Hardened LA Police Detective Vic (Dave Bautista) is tracking a drug dealer who killed his partner, when he’s saddled with Millennial Uber driver Stu (Kamail Ninjiani). Stu has been pining for a long-time friend to notice him at the expense of his happiness and long-term goals. He works a dead-end big-box store job, accepts insults from his boss, and wonders why his Uber customers fail to give him 5 stars. But when the brusk Vic demands a ride, the two are set on a journey through the armpit of LA, testing their bonds through hails of gunfire and an electric car with limited range.

STUBER is a turn-your-brain-off affair, ready for popcorn but immediately forgettable. It feels like one of perhaps 10 different versions that survived test audience screenings, going through at least one re-shoot along the way. There’s a Frankenstein-ed police mole story here, a commentary on Uber, a lone-cop-who-can’t-love story, a go-out-and-get-laid mantra and probably three others all vying for screen time, including Vic’s ex-wife featured on a cruise ship picture. Director Michael Dowse and Writer Tripper Clancy don’t have a real strong case to make here, except to throw a bunch of 80s meta jokes against the wall and hope some stick along with the brain matter being ejected through wild gun battles. Your reaction to each scene will depend entirely upon what era you were born into, and even then you might not connect with what Dowse and Clancy present.

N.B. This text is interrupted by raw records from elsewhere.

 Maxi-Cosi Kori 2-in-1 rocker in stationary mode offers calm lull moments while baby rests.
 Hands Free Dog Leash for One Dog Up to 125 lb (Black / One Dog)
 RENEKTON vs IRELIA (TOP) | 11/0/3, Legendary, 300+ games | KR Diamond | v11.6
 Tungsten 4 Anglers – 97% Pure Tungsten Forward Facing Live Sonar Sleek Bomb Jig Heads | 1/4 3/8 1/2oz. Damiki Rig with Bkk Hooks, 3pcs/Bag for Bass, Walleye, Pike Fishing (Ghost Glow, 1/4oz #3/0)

Bautista and Nanjiani are fine together, but the chemistry never attains the talent on the billboard. It’s clear that Hollywood sees Bautista as a cheaper version of Dwayne Johnson, which is too bad because the guy can act; remember, Bautista was in the first few minutes of BLADE RUNNER 2049. At least Ninjiani isn’t reduced to uttering predictable racial responses, but he too is sandwiched in as an emasculated Millennial against Bautista’s menacing frame. Fans of Karen Gillian are going to be upset, as her appearance here is more cameo than leading lady, perhaps a marketing ploy to get bums in seats. She’s featured heavily in the marketing here, proving that her appearance here seems edited down from a larger role.

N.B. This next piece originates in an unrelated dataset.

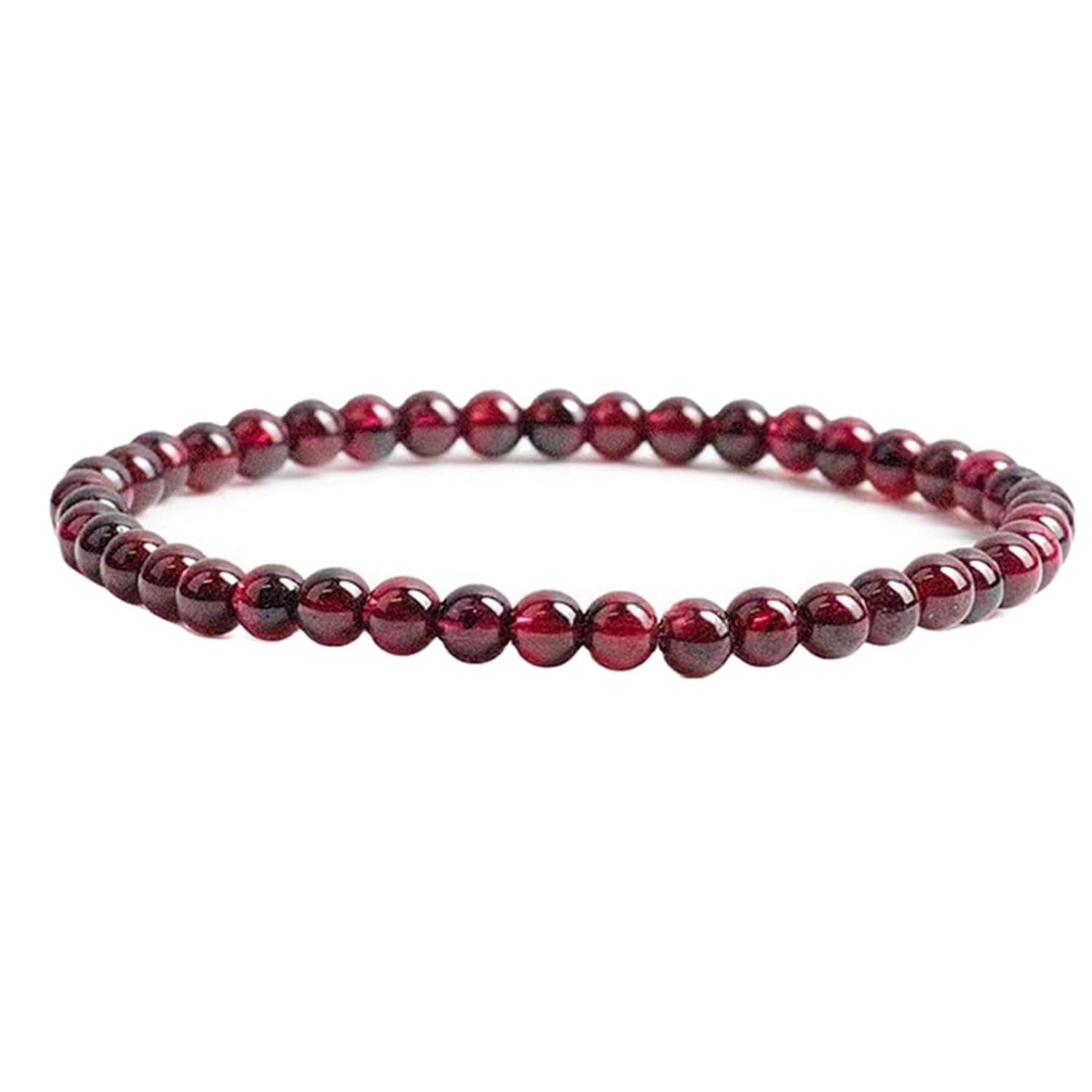 Natural Red Garnet 4mm Round Shape Smooth Cut Beads Stretchable Bracelet For Men & Women. Unisex Bracelet For Healing, Meditation, Prosperity, Gift & Luck|STBR_RR_08094-image-44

I’m portraying STUBER like it’s a really bad date that somehow finds a way to be worse. It’s actually a pretty funny movie, provided you can somehow appreciate 80s references by people who weren’t alive during the 80s, 2K social media meta and jokes about driving an all-electric car without being able to charge. There’s a ribbon here about taking big chances, and that might have worked had it not had to compete with so many other suitors. A sequence where Ninjiani breaks down a scene from THE NEVER-ENDING STORY ala Spider-man’s THE EMPIRE STRIKES BACK did not connect at all with those test audiences who weren’t 40+ years old, and it’s clear that group isn’t going to pay to see STUBER anyhow.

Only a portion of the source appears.